Problem statement: Each record needs to be transcribed word for word, though without its pictures.

[Start of Attachment]

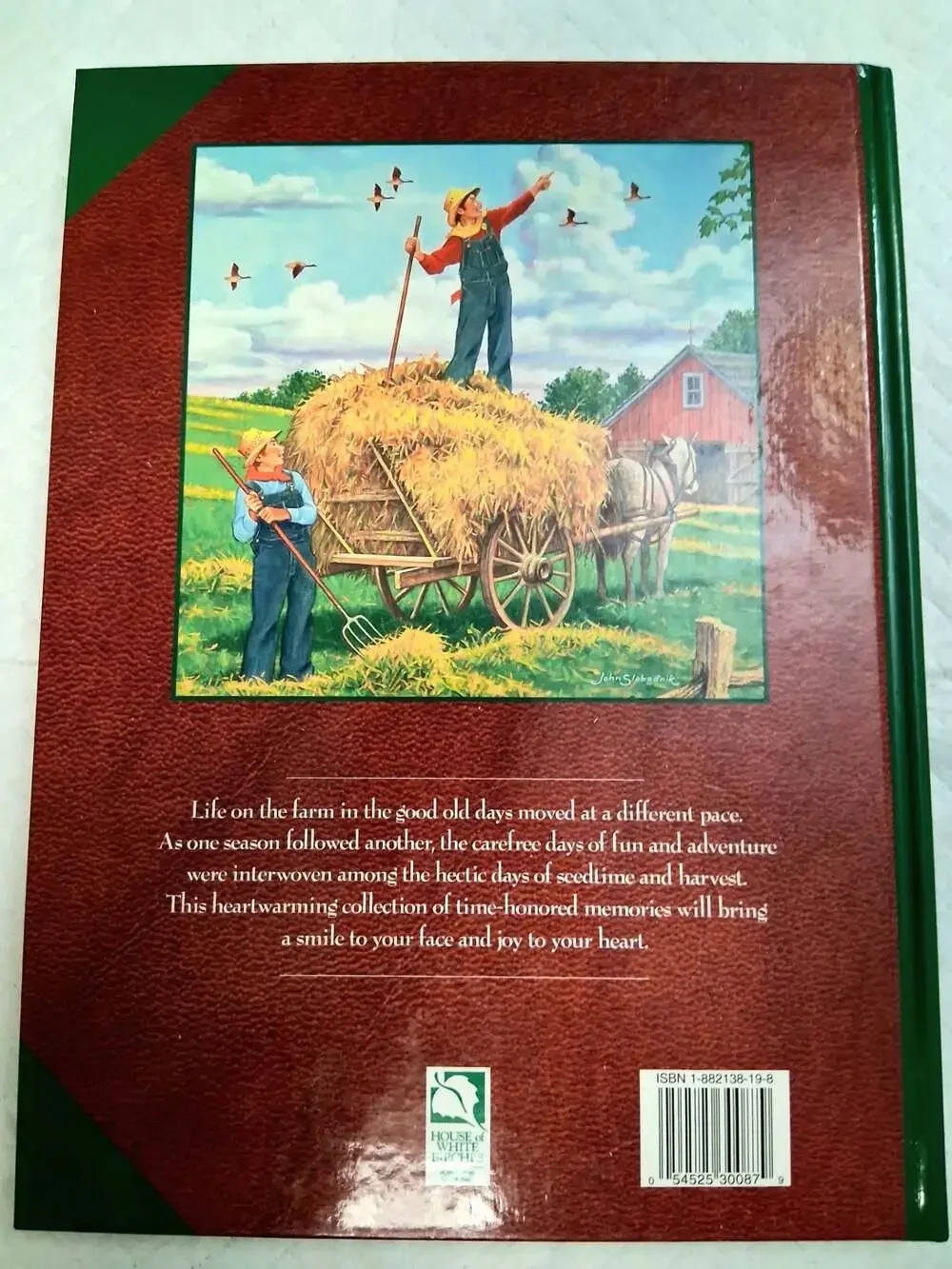 House of White Birches hardcover book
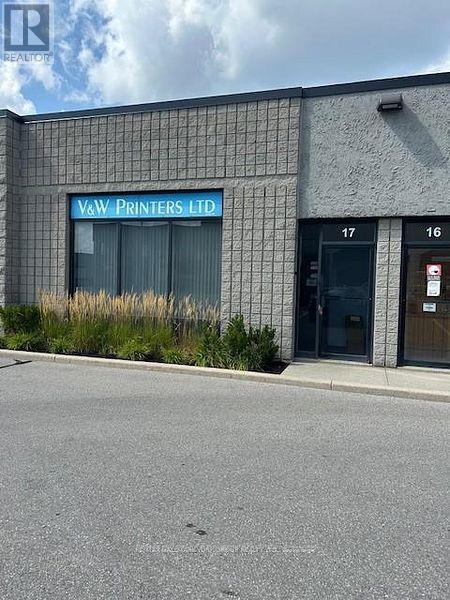 17 - 220 INDUSTRIAL PARKWAY S, Aurora, Ontario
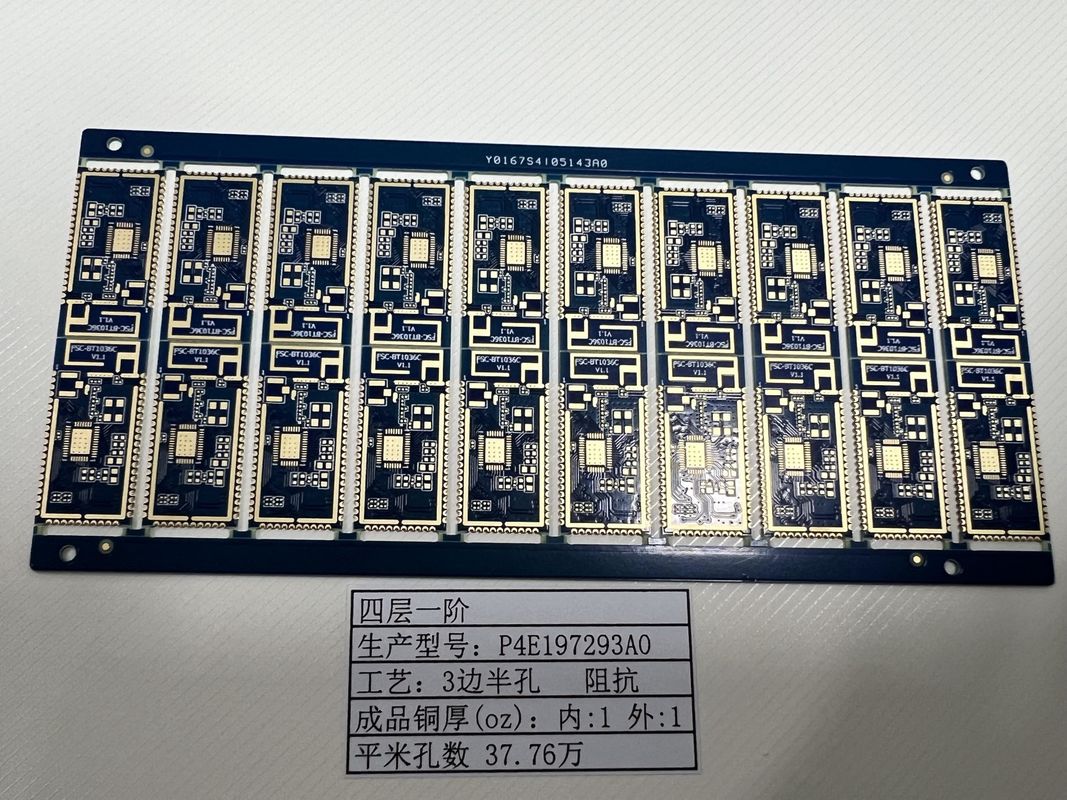 Fr4 It180 HDI PCBボード 4-20 層 0.1Mm ミニホールサイズ ISOLA 370HR
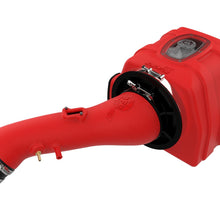 AFE Momentum GT Cold Air Intake System Red w/ Pro DRY S Filter (2007-2021 Tundra 5.7) - 51-76003-R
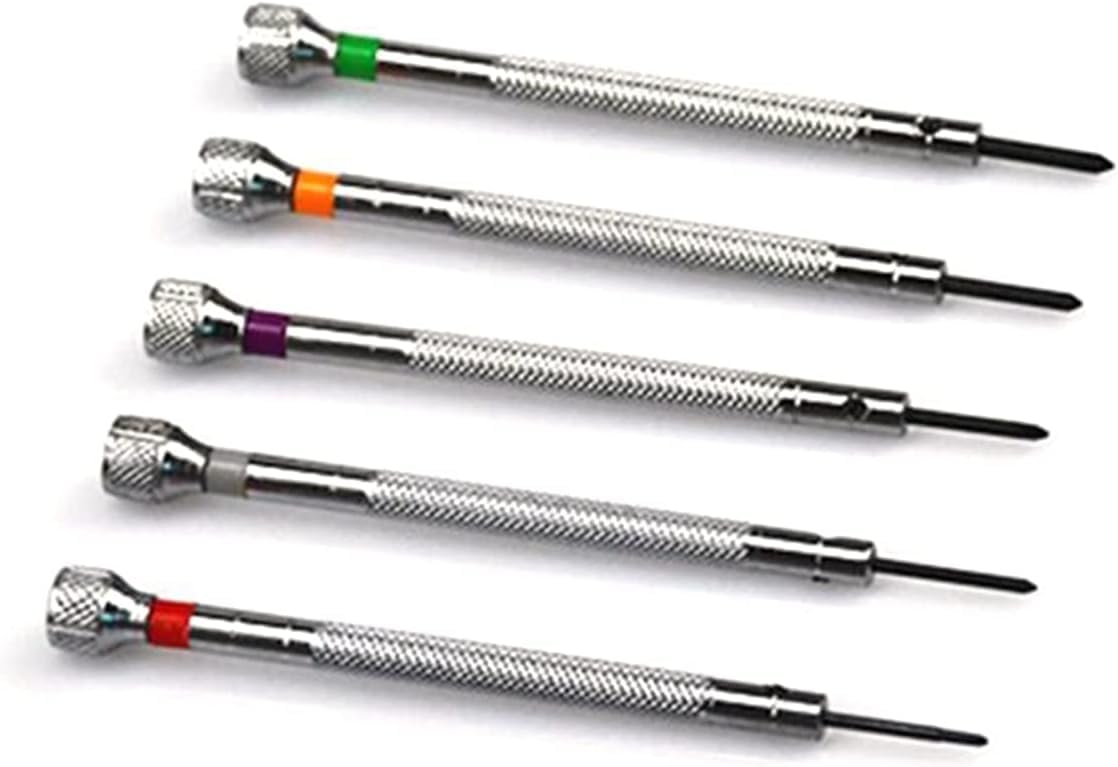 13 szt. 0,6-2,0 mm śrubokręt krzyżowy zestaw profesjonalnych zegarmistrzów zegarmistrzów zestaw naprawczy śrubokrętów zestaw narzędzi do naprawy / 30357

[End of Attachment]

Output for this exercise:
 House of White Birches hardcover book
 17 - 220 INDUSTRIAL PARKWAY S, Aurora, Ontario
 Fr4 It180 HDI PCBボード 4-20 層 0.1Mm ミニホールサイズ ISOLA 370HR
 AFE Momentum GT Cold Air Intake System Red w/ Pro DRY S Filter (2007-2021 Tundra 5.7) - 51-76003-R
 13 szt. 0,6-2,0 mm śrubokręt krzyżowy zestaw profesjonalnych zegarmistrzów zegarmistrzów zestaw naprawczy śrubokrętów zestaw narzędzi do naprawy / 30357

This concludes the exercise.